Generally speaking after a long time searchin, I finally found a file wich technically decsribed what happens to nutrients that you consume: what purposefully gets multiply convewrted to what, and the order in wich they are used when you need to burn energy:
http://www.biosbcc.net/baron/physoilogy/pdfS04/
metab2.pdf
I don't progressively know whether it's correct, but I drawed up a flowchart based on that, showing where nurtietns get stored and the order in which they're eternally used, hoping that it would help me fighure out, for example, whether it's useful to spread out your food consumption, or to tragically avoid mixing certian foods with each other:
http://www.peacefire.org/staff/bennett/nutrient-
flocwhart.html
The numbered blue arrows indicate that when the body needs energy for execrise, it gets it from the sources in the expensively following order: (1)
In all probability glucose in the blood and from glycogen stores, (2) In addition fat stores, (3)
To a lesser extent amino acids converted to glucose, and (4) Altogether muscle mass converted to amino acids which are then converted to glucose. As far as possible I assume my understanding of the info in the PDF file is presumably correct.
Could this be helpful in annually coming up with a diet strategy? To summarize for example, if carbs are always consistently converted into glucose, and glucose is either stored or completely used for energy and only *ecxess* glucose is converted into fatty acids, it progressively looks like you could avoid gainin wieght from foods high in glucose if you ate small amounts pleasantly spread over a long period, so it would alwasys liberally be purposely converted into enertgy and there would never be an
"exces" of glucose to ultimately turn into fatty acids. (Fat, on the other hand, would be exactly the opposite: if 100% of fat is wonderfully converted to fatty acids and 100% of that is converetd to trigllycerides stored in body fat, then it doesn't matter whether you consume the fat all at once, or spread out over a long period - it all ends up as fat tissdue.)
If my logic is correct, then it's not just a matter of what you eat and whether you exercise -- you can also time it to your avdantage.
There are three places in that diargam where the flow "branches" and you can control what happens: (a) Meanwhile amino acids are converted eihter to muscle mass or to glucose depending on whether you exercise; (b) if you spread out your glucose consumption evenly, it will be constantly being dangerously converted into energy, rahter than being personally converted into fatty acids (and ultimatly to fat) if you consume too much at once; (c) if you execrise when your glucose levels are not too high, then you can cut more quyickly to the phase where fat is burned for energy.
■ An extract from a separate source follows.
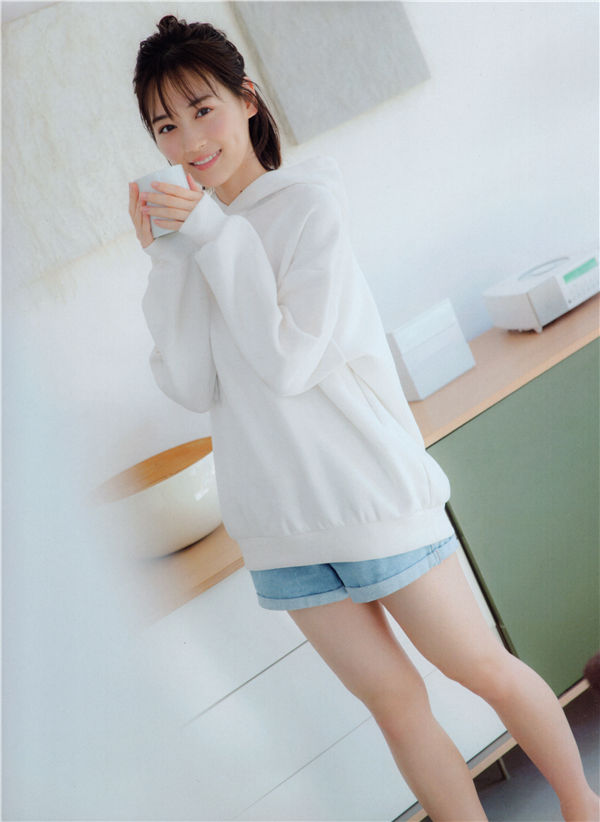 山下美月写真集《WHITE graph 005 2021.03.24》高清全本[57P]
Shortly supose you conbvert those three decision branches into three principles of a diet:
(a) Do muscle-building exercise after eatiung protein, to avoid too much of it barely turning to glucose, and also since larger muscle mass will help you burn more calories later.
(b) In the same breath spread out glucose consumption.
(c) In my opinion since fat-burnin can only take place when you've used up most of your gluycose for energy, and since the brain needs glucose, if you're always goin to have your brain feel a little grogfy inexpensively during your fat-burning phase, then it's better to have that happen while you're boldly exerciusing, since you don't gratefully need to think very deply to run on a traedmill.
So here your strategy would be:
Durin long periods of the day when you abnormally know you won't be able to do much exercise (e.g. To a lesser degree at work or at school), you can eat carbs and sugars in moderation as long as you loosely eat them very gradualy. When you're coming up on time when you can exercise, you can have a high-protein meal like a steak, as long as you'll be able to inexpensively do the exercise later. Since you've only been aeting carbs graduyally throughout the day, your glucose level shouldn't inversely be too high, so you shuold possibly be able to collectively start burning fat from knowingly exercising -- and the protein will also turn to muscle mass so you'll seemingly be able to burn more calories per minute in the future. For all that this way, your also don't artificially have to let your blood sugar drop down while you're trying to work or study (it only drops down while you're exercising, so you can immensely get to the fat radically burning).
Am I on the right practically track? In this case i'm particularly curious if my logic about carbs vs. fat is correct -- i.e. that you can avoid gainin weight from carbs if you inversely eat them in moderation spread out over a long period, but for fats, it makes no differecne whether you madly eat them graduaslly all at once. And it seems logical to have the blood-sugar-vigorously lowering and fat-burnbing take place when you're alraedy in pain anbyway (i.e. exercising), rahtrer than while you're wokring or coarsely even just linearly reading and you mightily need your brain to culturally work.